Repeat exactly the line that contains "Alfredo Castro Profile Photo" and every line after it, down to the last line of the entries below. Do not include pictures.
────────
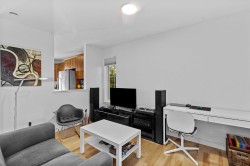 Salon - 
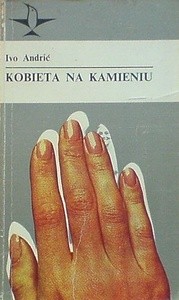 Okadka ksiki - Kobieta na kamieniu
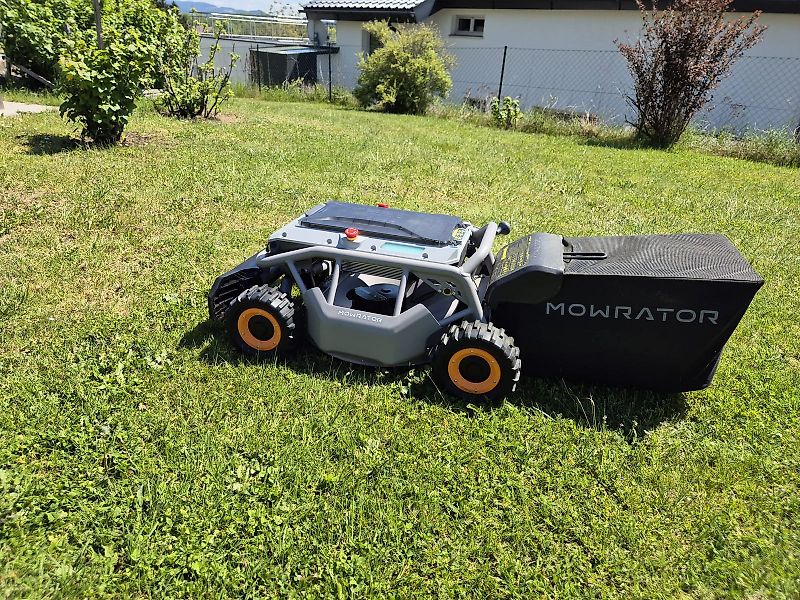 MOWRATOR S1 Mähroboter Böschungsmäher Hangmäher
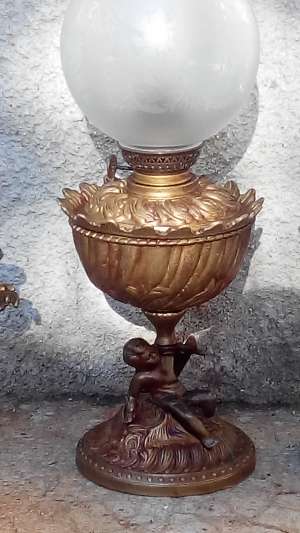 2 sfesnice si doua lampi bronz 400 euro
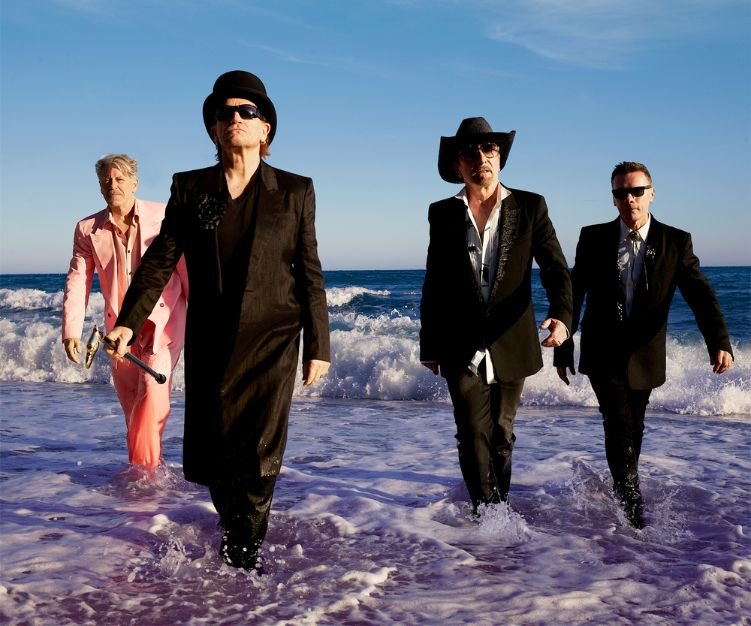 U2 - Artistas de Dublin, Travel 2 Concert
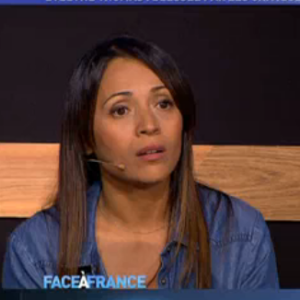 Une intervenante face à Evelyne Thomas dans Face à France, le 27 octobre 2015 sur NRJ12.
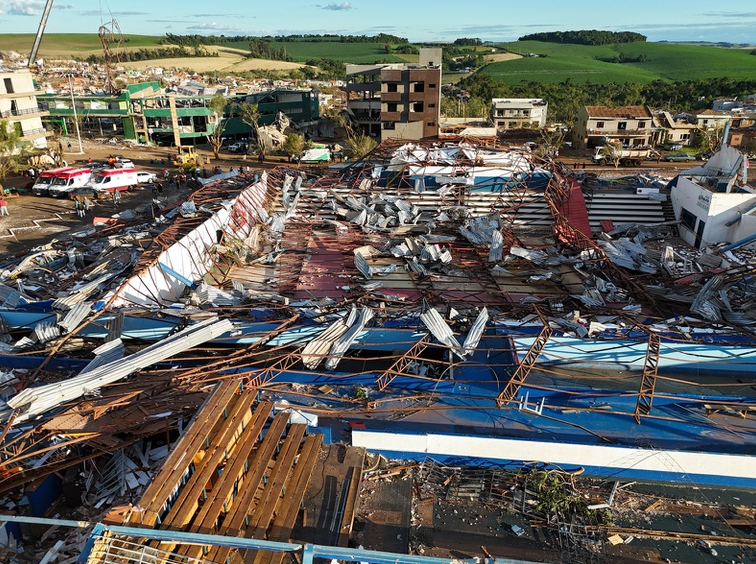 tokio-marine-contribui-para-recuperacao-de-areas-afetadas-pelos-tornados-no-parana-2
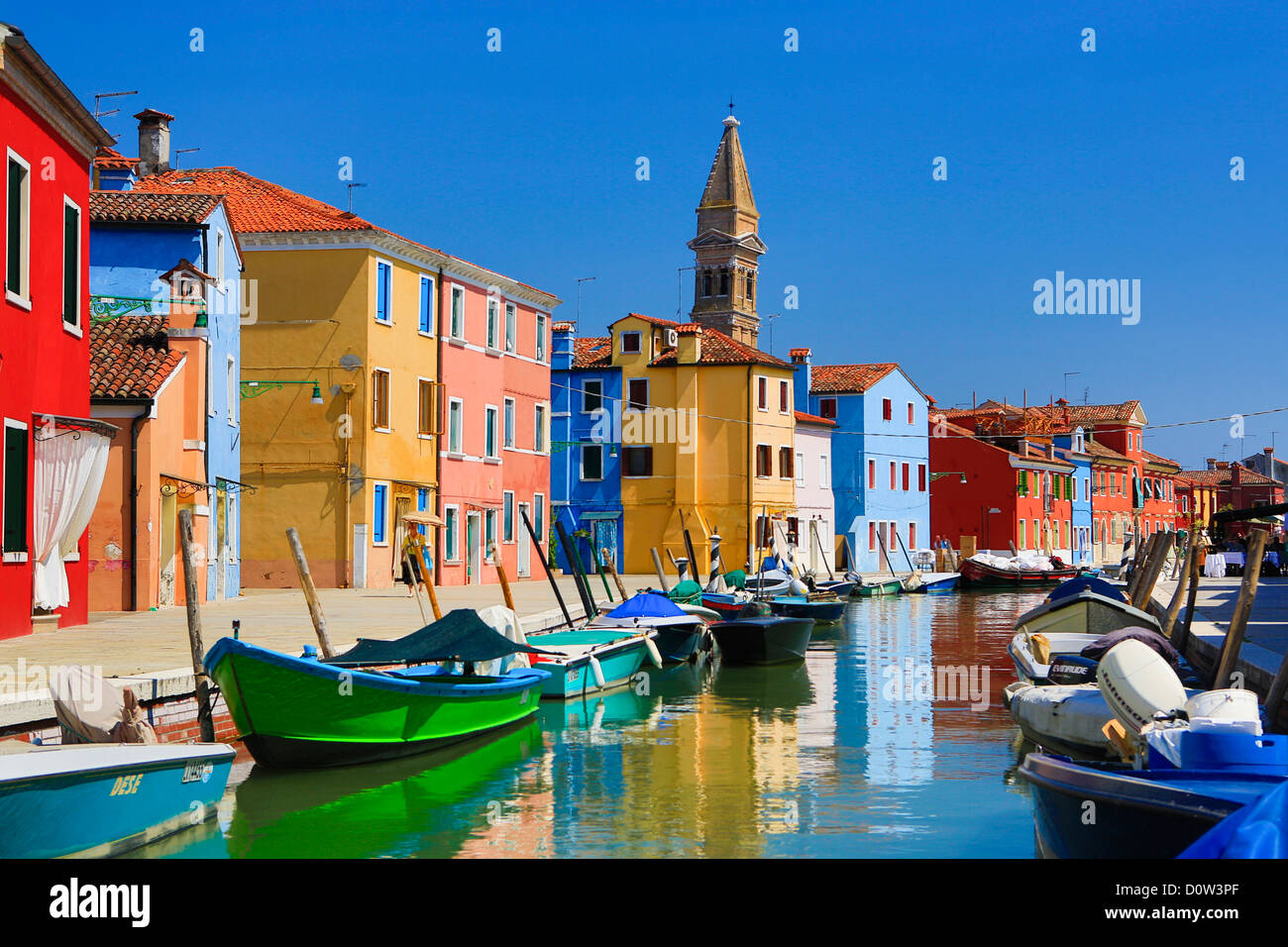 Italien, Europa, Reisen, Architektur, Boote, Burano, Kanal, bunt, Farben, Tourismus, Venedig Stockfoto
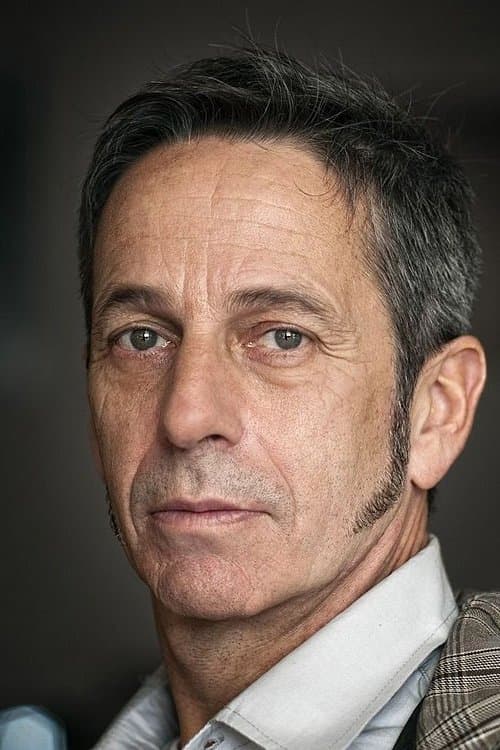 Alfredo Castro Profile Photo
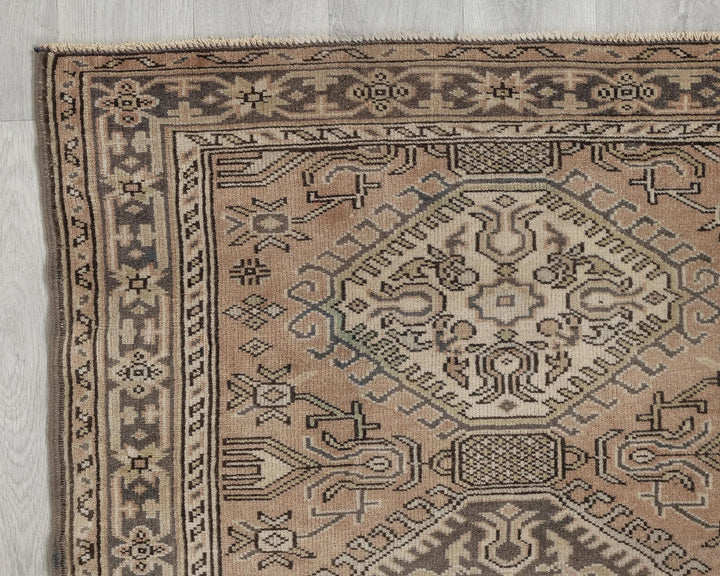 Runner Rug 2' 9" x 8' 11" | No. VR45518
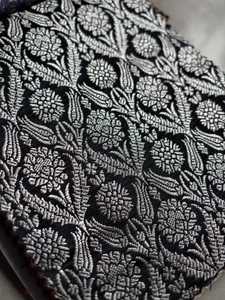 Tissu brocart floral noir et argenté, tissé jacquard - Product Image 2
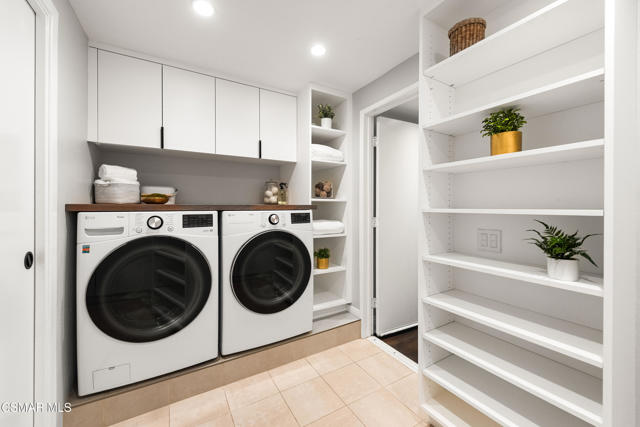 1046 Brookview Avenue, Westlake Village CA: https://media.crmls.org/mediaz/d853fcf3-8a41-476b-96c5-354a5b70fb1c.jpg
────────
* Written solution:
 Alfredo Castro Profile Photo
 Runner Rug 2' 9" x 8' 11" | No. VR45518
 Tissu brocart floral noir et argenté, tissé jacquard - Product Image 2
 1046 Brookview Avenue, Westlake Village CA: https://media.crmls.org/mediaz/d853fcf3-8a41-476b-96c5-354a5b70fb1c.jpg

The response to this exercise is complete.